- [Task item]: What are the lines from the top of the entries through the one with "Usata Peugeot 207"? Write them out exactly, with no pictures.

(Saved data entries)
● ● ● ● ●
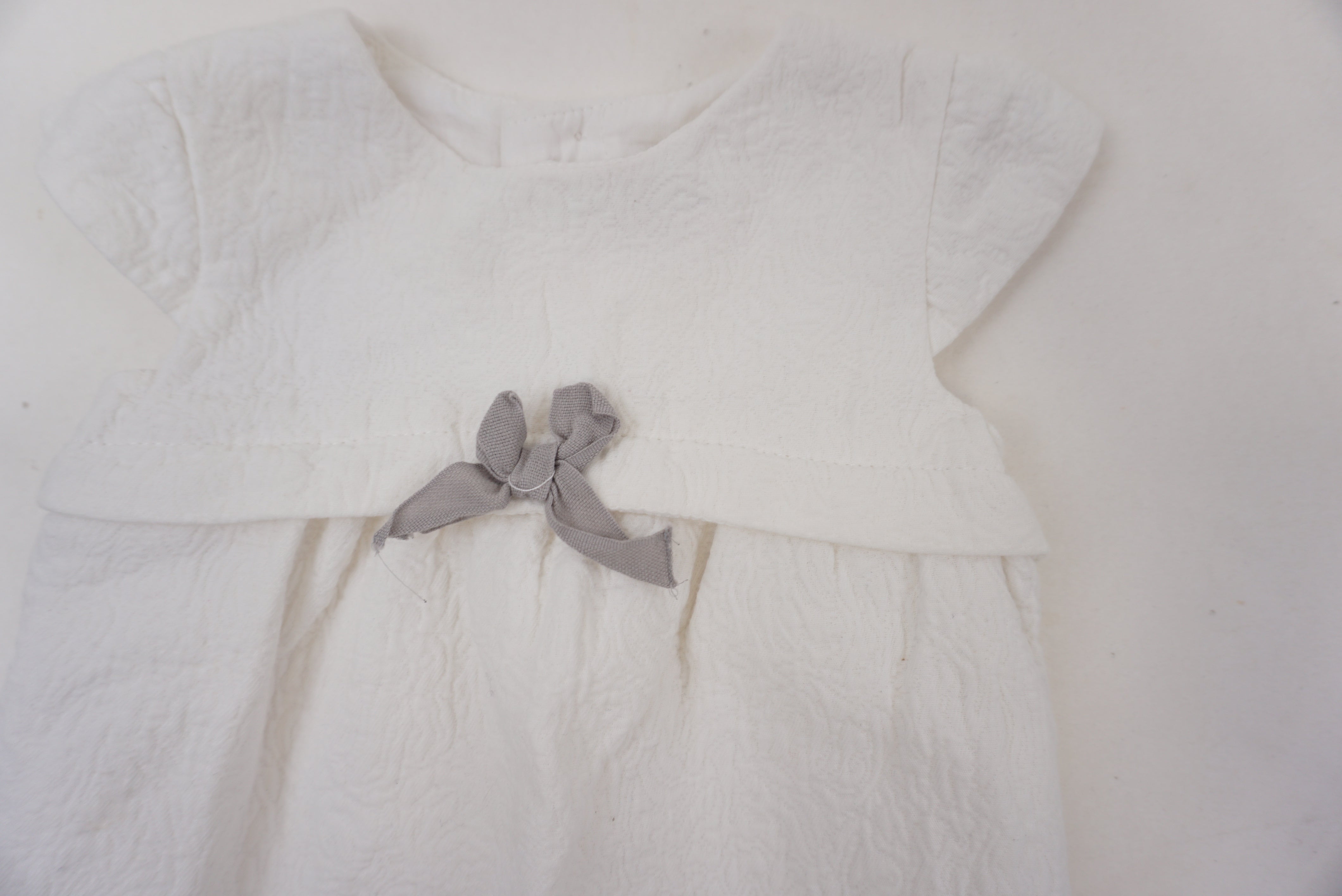 Robe Blanc - 6/9 mois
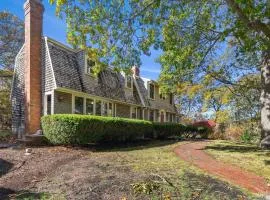 Game Room Walk to Two Landings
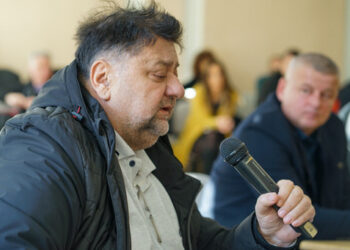 Bivši policajac proglašen krivim za krivično delo ugrožavanje sigurnosti i vređanja novinara Vladimira Mitrića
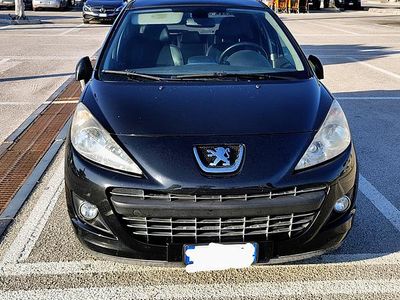 Usata Peugeot 207 Allure 68 CV (50 kW) 2011 Nero Berlina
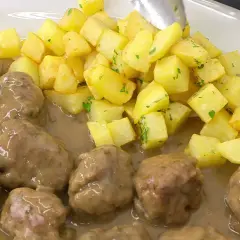 Albóndigas en salsa arguiñano, jugosas y tiernas, acompañadas de patatas fritas doradas y perejil picado. ¡Un plato casero irresistible!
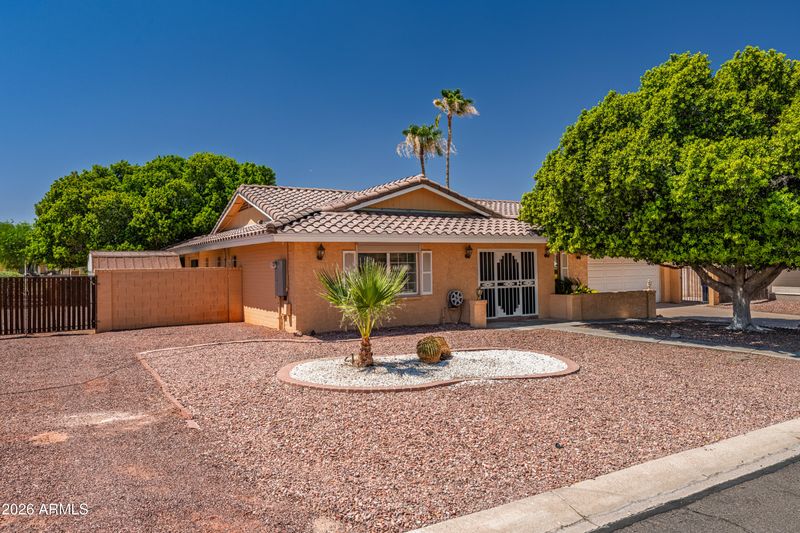 6233 E Camelot Dr, Mesa, AZ 85215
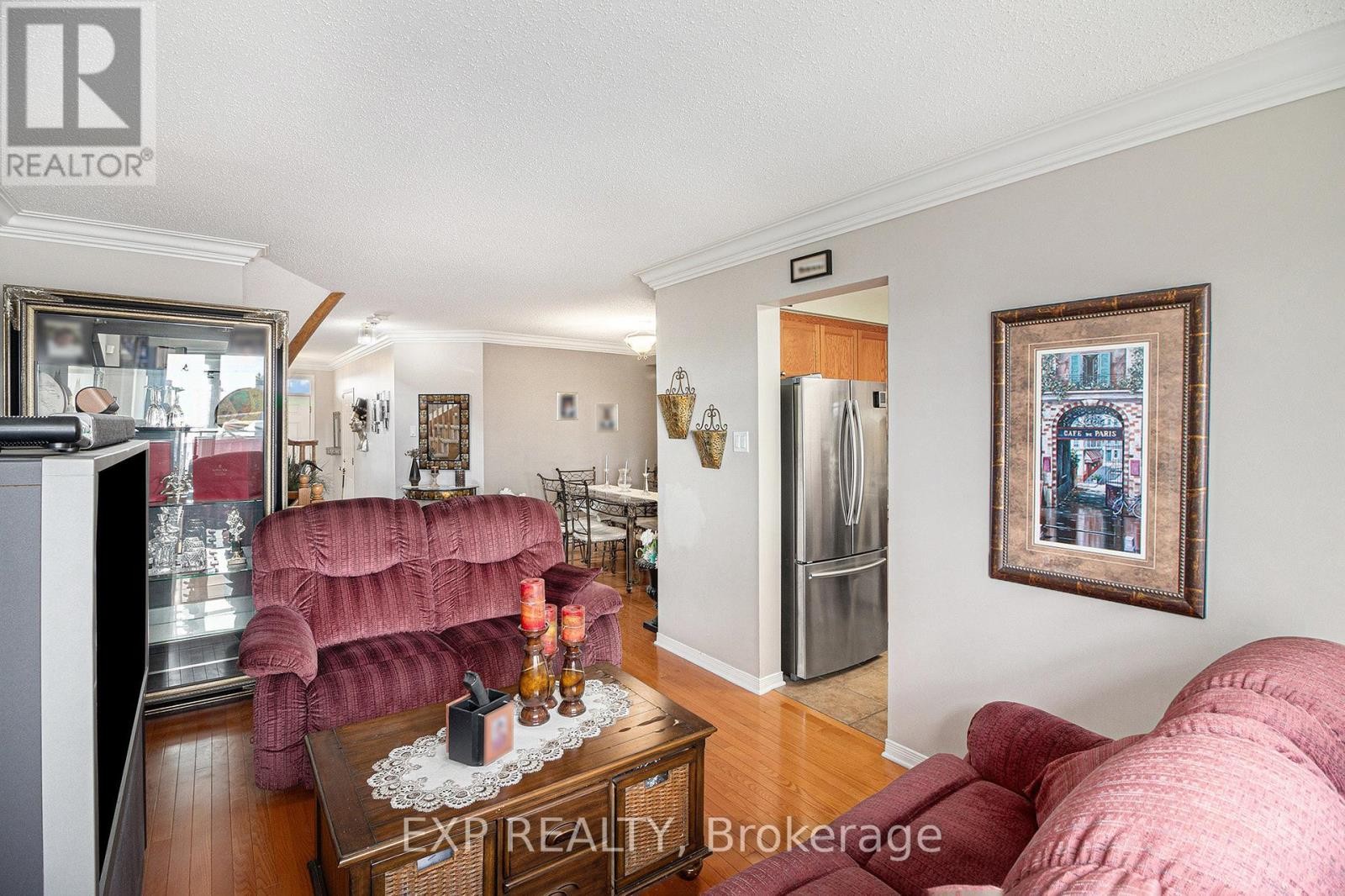 












258 TRAIL SIDE CIRCLE

,
Ottawa,




Ontario
K4A5B5

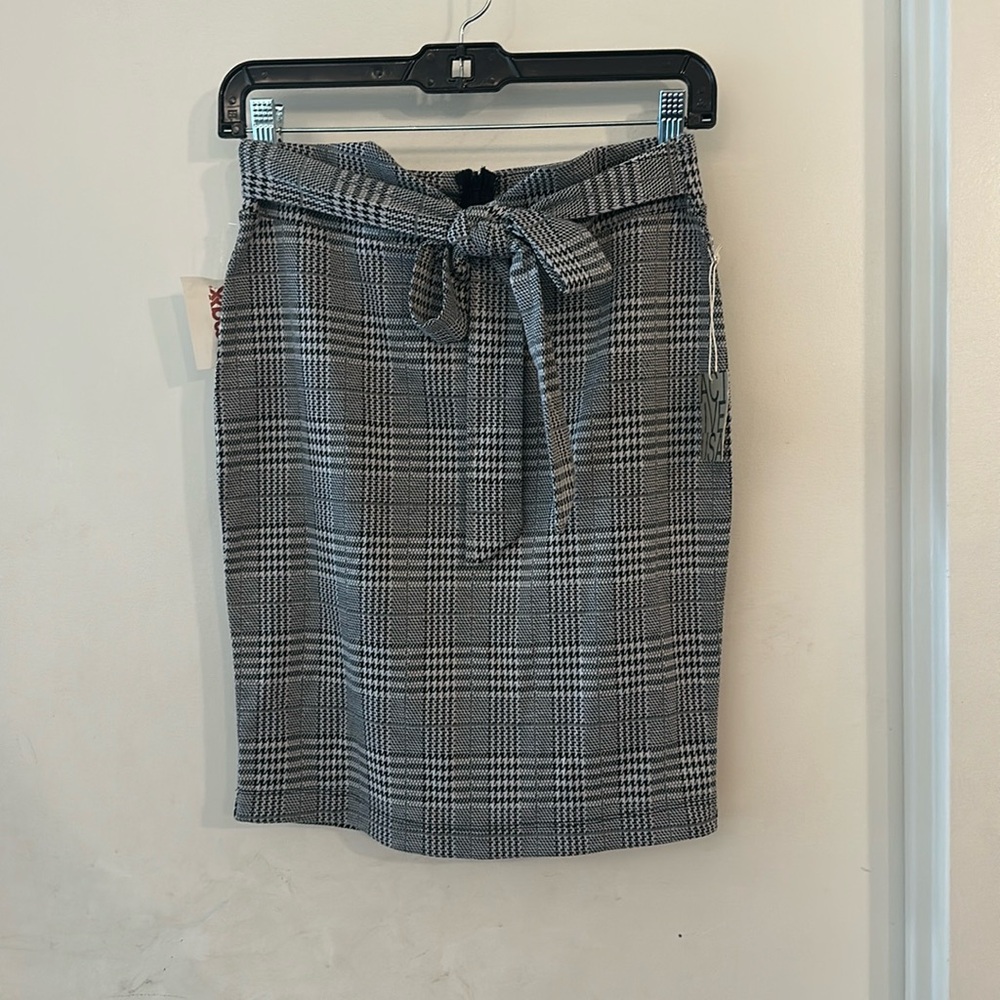 NWR Women pencil skirt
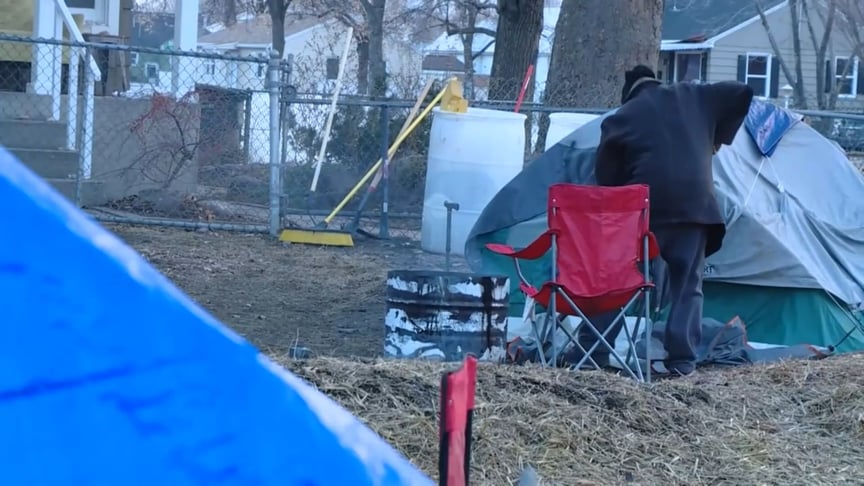 Притулок для бездомних на подвір'ї активіста Даріна Манна у місті Солт-Лейк-Сіті, штат Юта, США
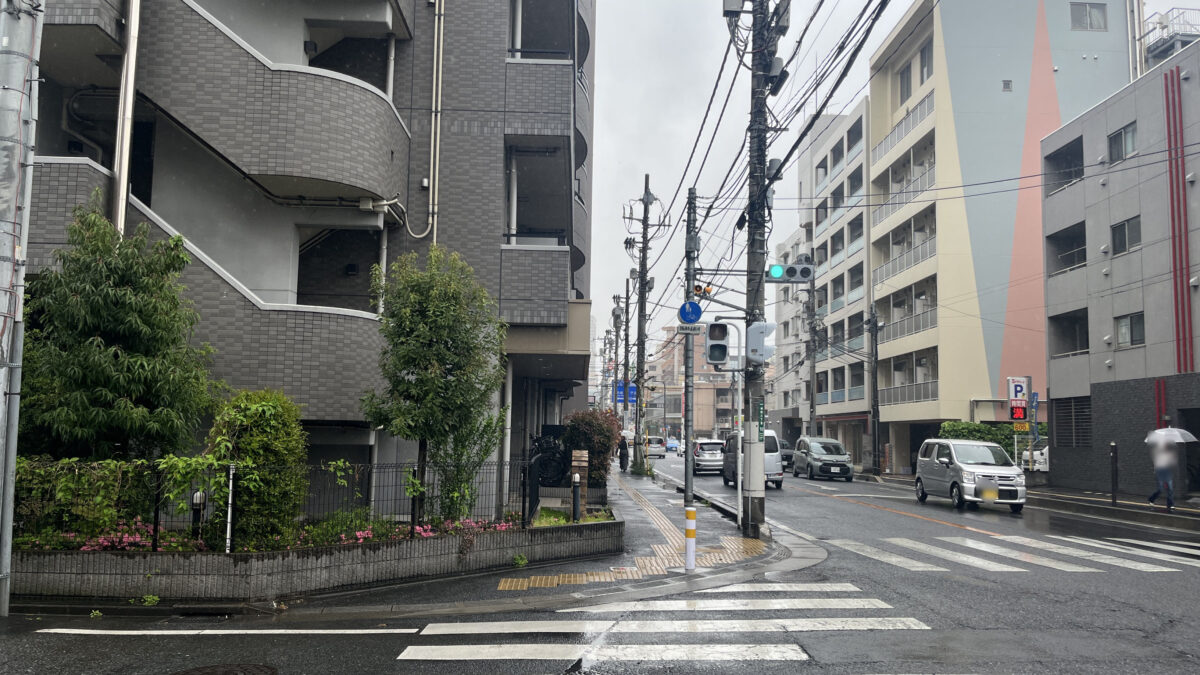 幸町 麦酒と咖喱処 とら戌。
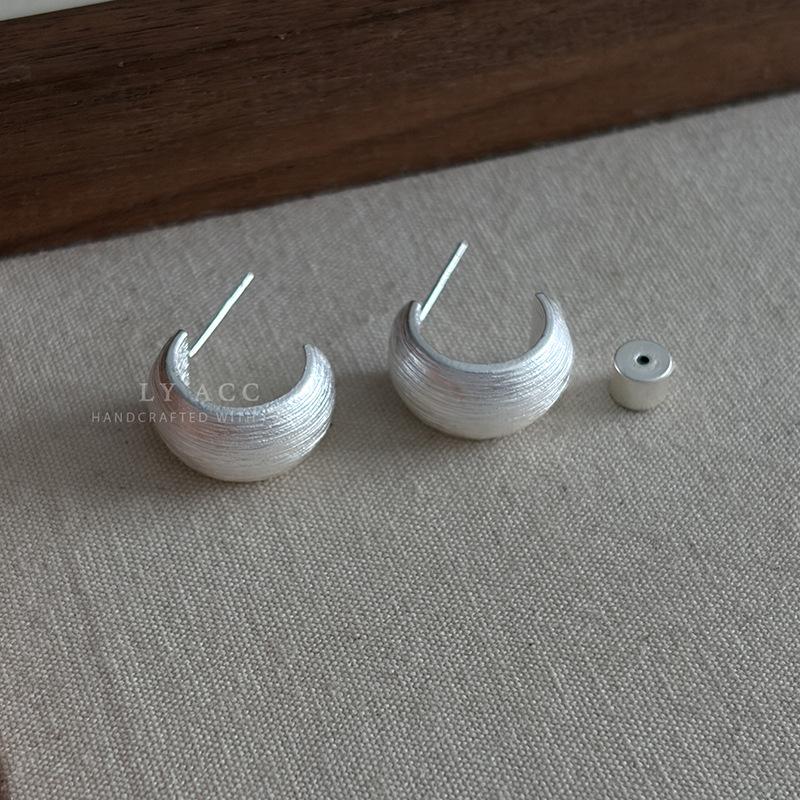Retro woven rope knot stud earrings texture brushed C ring earrings niche simple high-end temperament light luxury versatile earrings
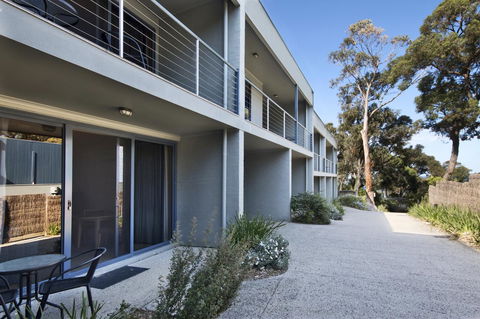 Lorne Surf Apartments - Holiday Find 0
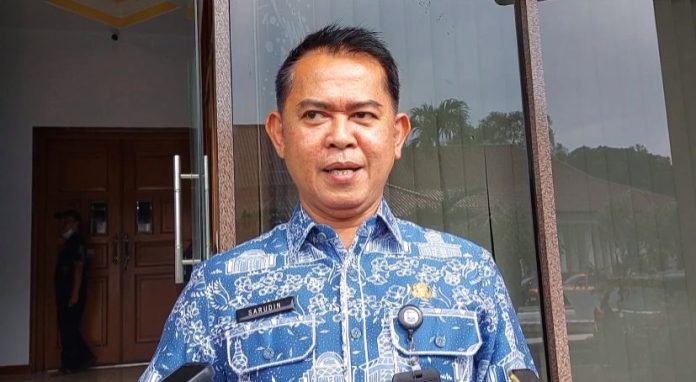 Kepala DLH Kabupaten Serang Sarudin. DLH menyebut sampah selama Ramadan bisa melonjak hingga 20 persen (Bantentv.com/ Riki)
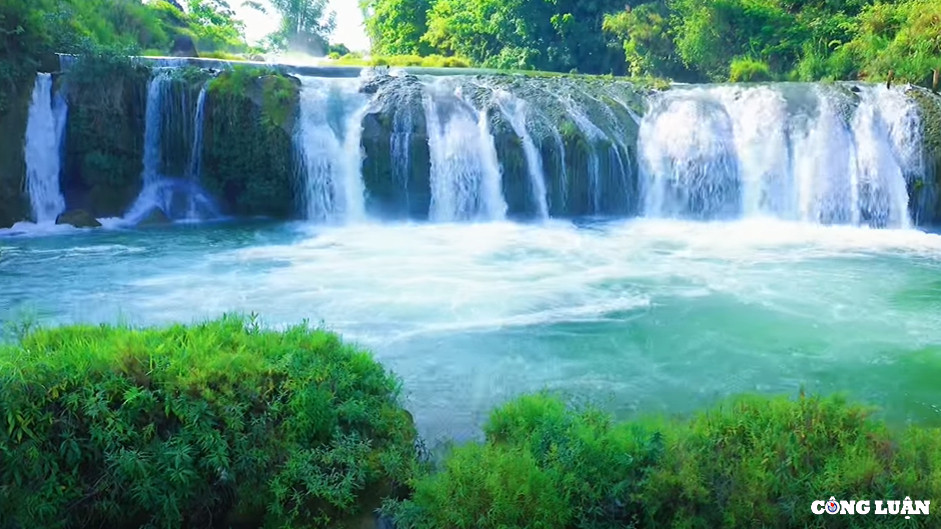 Ve dep tho mong cua thac Co La tai Cao Bang-Hinh-2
● ● ● ● ●
- [Result below]:
 Robe Blanc - 6/9 mois
 Game Room Walk to Two Landings
 Bivši policajac proglašen krivim za krivično delo ugrožavanje sigurnosti i vređanja novinara Vladimira Mitrića
 Usata Peugeot 207 Allure 68 CV (50 kW) 2011 Nero Berlina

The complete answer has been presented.